It is 7:31 PM on Thursday September 14th. We just got back from swim class. The instructors there appear to all be high school kids and I overheard one of them tell a student she was 16 years old and a junior. This was another reminder to me about how quickly time passes. I was 24 and in Japan when she was born. To me Japan doesn’t seem terribly long ago but for her it is a lifetime. As I watched my son’s swim class I noticed all the high school kids walking by and wondered what their experience was like; did they have the same thoughts and emotions or do they think differently in this technological age? The only word I can think of to explain myself is zeitgeist: is the mood, or spirit of this age similar to the one I experienced?
I thought about my own son growing up and how I would explain high school. In elementary school you’re like a caterpillar: life is brand new, you’re ambling about exploring, eating and growing. Then in high school you enter a cocoon where you’re preparing to become an adult still very much protected from the world and guided along. By senior year you think you know everything there is to know and have it all together: perhaps you have a nice car, a girlfriend and plans for the future.

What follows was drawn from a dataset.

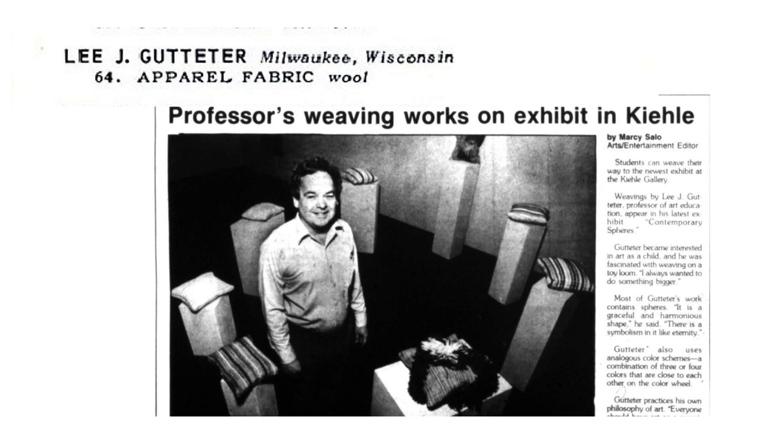Gutteter works often with color schemes that involve three or four colors that align on the color wheel. This can be seen in Gutteter's weaving, with his orange, yellow, and green interwoven checkered pattern that fits within his classic style of color schemes and shapes, geometry and otherwise.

Then in college that cocoon is removed and you’re encouraged to start flying on your own: nobody is there to push and pull you along. You either get a job or go to college. If you go to college then you must select your own classes, get to those classes and pass or your soon shown the door.

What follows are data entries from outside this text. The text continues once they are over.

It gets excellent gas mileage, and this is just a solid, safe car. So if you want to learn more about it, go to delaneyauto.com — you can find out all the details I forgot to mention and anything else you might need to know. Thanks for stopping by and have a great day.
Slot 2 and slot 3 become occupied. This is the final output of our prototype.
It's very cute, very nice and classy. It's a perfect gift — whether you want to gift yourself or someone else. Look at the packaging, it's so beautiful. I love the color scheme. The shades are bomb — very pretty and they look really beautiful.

Looking at the older high school kids tonight they were all so confident, hiding any insecurities, the world is theirs! I wondered if they would make the same mistakes many of my classmates made. Some became pregnant senior year, others didn’t do well with their grades, some got into terrible car wrecks and others did too many drugs. Many of these mistakes – especially getting pregnant or doing drugs – still follow them throughout their lives now. I noticed how young some of the students looked and thought about some of my own classmates who were even having sex as a freshman. How young, how stupid that was! High school is a time to develop and grow; if you make too big of a mistake in high school it could set a course for the rest of your life. But as a senior they’ve got everything already figured out don’t they?
I grew up so much in college and especially in my 20s living overseas. I have learned much and in this study I’ve learned how I know very little! Learning is a lifelong experience and those that keep learning realize how little they know, those that do not continue to grow think they have everything all figured out.

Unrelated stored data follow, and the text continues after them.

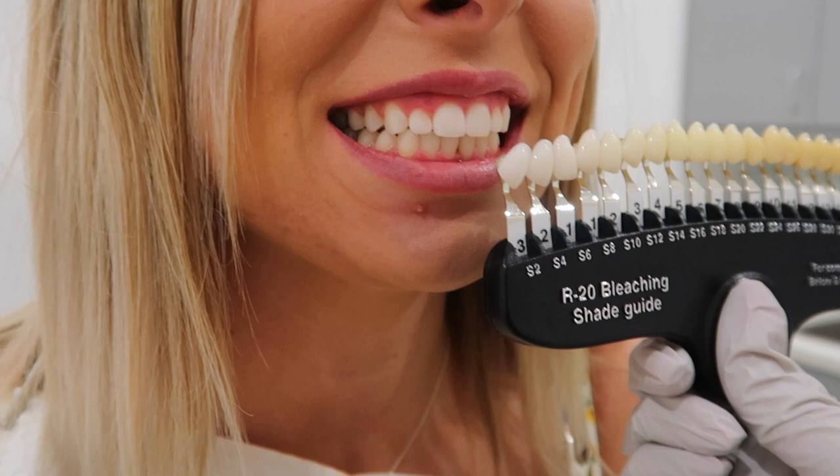Oh my god, those look white! Those look so good. I'm excited. I think we're past a negative three — heck yeah! Those look awesome. So we were at two before, isn't that crazy to see? I know, oh my gosh.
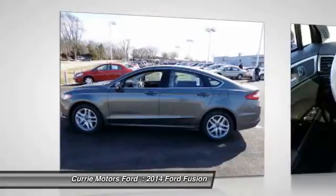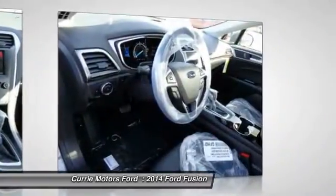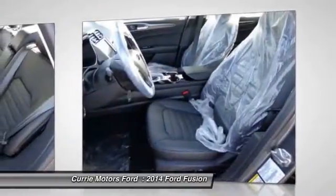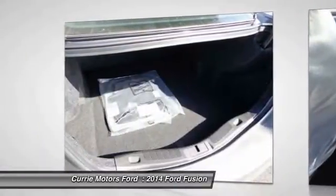Power driver's seat, dual airbags, power steering, front air conditioning, auto express down window, adjustable headrests, cruise control, anti-theft security system, auto headlight on and off, compass.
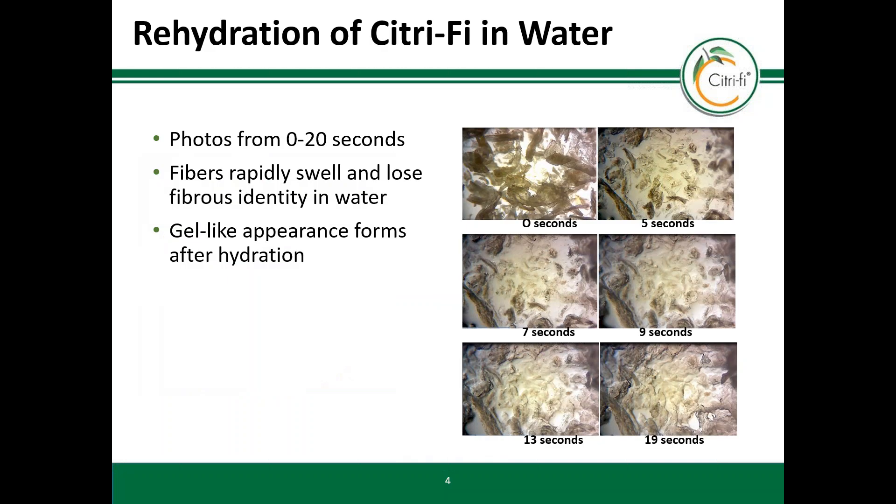Water binding is nearly always important for food applications. In the case of vegan products, the instant binding at the beginning of the manufacturing process is very helpful. You can see in these images that the fiber swells quickly within seconds. No heat activation is needed. This property makes it easy to use Citrify.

On the way home my son said he wanted to do iPad and if he didn’t get to he would be bored. I said look around you and see how interesting the world is. He said it was not interesting. I said how about trees? He replied that trees are boring, they’re just trees! I said well do you know all the names of the trees? Do you know how a tiny little seed can grow into a very large tree? What are inside the seeds that make them grow so big? If seeds create trees and trees create seeds then which came first? I don’t think he understood that last question very well especially. Most adults don’t understand that question very well either so he is forgiven. I understand the question but I do not know the answer.
I said look at the clouds, where do they come from? Look at the ocean, what lies beneath? Look at the stars and how far away they are! There is so much to learn, so much to know and even after studying for a lifetime one still doesn’t have all the answers. Everything around us is amazing!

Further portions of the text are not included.